- **What the exercise asks**:
Take the entries below and print only the lines from the one with "Outzidr - Women" through the one with "SUGIFT Breathable Mesh", exactly as they stand, both ends included.

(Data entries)
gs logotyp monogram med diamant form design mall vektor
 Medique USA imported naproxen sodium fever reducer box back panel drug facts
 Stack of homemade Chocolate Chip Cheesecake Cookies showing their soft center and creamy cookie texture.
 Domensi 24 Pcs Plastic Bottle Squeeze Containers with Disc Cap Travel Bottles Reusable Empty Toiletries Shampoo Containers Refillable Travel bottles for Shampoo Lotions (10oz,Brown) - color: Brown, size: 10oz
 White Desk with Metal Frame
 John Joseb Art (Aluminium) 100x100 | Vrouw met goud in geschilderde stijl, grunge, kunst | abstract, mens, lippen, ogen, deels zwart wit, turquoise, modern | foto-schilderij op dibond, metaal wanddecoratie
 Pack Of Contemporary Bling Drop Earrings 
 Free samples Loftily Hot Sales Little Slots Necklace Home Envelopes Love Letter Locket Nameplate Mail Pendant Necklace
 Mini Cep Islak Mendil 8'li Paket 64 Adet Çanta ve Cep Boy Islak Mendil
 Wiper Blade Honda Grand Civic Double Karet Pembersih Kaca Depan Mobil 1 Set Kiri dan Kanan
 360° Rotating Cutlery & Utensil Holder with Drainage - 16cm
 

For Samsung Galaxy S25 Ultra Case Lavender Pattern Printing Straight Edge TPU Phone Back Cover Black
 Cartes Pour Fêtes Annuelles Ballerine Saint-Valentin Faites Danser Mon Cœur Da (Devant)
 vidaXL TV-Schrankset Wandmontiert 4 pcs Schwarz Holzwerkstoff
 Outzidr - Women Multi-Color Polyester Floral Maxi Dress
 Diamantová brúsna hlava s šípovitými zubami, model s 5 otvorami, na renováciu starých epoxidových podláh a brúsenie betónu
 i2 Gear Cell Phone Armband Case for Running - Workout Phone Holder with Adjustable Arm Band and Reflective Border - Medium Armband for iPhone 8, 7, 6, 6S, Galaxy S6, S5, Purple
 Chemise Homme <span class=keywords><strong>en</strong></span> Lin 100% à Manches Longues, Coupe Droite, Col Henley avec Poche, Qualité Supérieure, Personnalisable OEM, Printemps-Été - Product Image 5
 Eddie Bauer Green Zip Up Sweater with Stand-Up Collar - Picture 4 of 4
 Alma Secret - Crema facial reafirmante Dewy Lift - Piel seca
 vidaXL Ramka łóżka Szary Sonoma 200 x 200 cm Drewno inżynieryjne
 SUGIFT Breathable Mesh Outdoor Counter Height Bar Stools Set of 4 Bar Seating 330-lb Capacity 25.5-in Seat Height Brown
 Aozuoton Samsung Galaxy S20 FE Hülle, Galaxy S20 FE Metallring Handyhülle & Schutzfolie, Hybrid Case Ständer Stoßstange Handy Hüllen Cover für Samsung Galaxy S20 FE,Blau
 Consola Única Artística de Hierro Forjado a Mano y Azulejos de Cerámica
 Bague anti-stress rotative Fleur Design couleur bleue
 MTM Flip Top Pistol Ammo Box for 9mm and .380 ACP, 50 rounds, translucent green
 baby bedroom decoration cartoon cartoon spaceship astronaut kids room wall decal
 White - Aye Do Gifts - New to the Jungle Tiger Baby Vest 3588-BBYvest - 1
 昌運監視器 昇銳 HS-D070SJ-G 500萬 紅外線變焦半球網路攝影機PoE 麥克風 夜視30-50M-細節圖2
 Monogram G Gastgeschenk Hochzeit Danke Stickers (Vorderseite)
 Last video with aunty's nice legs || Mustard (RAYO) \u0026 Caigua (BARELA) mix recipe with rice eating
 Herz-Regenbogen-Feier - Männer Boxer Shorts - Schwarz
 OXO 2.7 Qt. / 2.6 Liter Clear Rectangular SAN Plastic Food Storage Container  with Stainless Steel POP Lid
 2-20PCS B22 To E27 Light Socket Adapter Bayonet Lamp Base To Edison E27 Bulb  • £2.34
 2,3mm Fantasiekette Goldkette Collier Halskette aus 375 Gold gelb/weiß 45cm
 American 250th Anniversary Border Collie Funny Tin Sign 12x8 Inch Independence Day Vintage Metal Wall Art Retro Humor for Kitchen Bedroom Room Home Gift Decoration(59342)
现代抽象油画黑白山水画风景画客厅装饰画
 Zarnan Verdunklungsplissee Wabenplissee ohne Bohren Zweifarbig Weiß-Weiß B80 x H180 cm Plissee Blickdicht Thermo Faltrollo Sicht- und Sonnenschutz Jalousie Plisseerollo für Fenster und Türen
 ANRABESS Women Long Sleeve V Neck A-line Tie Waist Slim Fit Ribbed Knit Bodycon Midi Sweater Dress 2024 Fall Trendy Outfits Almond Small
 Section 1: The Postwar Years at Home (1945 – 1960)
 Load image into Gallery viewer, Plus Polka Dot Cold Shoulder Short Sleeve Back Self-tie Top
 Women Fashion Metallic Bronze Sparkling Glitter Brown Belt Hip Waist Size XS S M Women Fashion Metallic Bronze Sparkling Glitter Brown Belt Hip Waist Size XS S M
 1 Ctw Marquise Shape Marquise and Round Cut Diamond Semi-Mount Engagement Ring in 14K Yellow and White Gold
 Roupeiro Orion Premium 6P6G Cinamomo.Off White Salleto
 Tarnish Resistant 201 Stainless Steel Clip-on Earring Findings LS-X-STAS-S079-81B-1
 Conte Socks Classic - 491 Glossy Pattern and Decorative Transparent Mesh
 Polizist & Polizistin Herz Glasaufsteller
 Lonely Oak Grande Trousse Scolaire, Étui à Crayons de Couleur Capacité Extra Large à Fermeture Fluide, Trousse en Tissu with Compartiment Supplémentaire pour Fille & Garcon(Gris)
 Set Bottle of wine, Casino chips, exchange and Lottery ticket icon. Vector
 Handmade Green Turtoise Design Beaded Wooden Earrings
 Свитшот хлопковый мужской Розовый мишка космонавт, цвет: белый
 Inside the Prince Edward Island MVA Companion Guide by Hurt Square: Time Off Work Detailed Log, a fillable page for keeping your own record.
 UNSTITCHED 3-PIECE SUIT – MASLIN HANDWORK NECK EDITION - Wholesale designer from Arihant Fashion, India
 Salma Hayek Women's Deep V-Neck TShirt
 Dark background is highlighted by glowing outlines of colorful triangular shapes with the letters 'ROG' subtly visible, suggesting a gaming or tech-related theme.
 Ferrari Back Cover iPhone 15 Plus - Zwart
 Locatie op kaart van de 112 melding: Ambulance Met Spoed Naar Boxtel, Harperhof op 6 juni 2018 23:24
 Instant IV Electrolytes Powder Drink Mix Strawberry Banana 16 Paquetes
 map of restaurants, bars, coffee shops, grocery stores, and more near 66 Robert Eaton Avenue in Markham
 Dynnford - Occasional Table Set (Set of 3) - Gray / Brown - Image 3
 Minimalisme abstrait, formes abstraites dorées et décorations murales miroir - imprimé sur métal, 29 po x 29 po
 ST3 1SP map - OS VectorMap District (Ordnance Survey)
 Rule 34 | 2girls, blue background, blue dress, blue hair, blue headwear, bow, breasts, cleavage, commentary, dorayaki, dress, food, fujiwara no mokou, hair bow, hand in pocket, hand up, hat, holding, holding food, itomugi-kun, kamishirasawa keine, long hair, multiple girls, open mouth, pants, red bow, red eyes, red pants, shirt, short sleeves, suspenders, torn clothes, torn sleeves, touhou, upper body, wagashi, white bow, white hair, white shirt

- **Result for this exercise**:
 Outzidr - Women Multi-Color Polyester Floral Maxi Dress
 Diamantová brúsna hlava s šípovitými zubami, model s 5 otvorami, na renováciu starých epoxidových podláh a brúsenie betónu
 i2 Gear Cell Phone Armband Case for Running - Workout Phone Holder with Adjustable Arm Band and Reflective Border - Medium Armband for iPhone 8, 7, 6, 6S, Galaxy S6, S5, Purple
 Chemise Homme <span class=keywords><strong>en</strong></span> Lin 100% à Manches Longues, Coupe Droite, Col Henley avec Poche, Qualité Supérieure, Personnalisable OEM, Printemps-Été - Product Image 5
 Eddie Bauer Green Zip Up Sweater with Stand-Up Collar - Picture 4 of 4
 Alma Secret - Crema facial reafirmante Dewy Lift - Piel seca
 vidaXL Ramka łóżka Szary Sonoma 200 x 200 cm Drewno inżynieryjne
 SUGIFT Breathable Mesh Outdoor Counter Height Bar Stools Set of 4 Bar Seating 330-lb Capacity 25.5-in Seat Height Brown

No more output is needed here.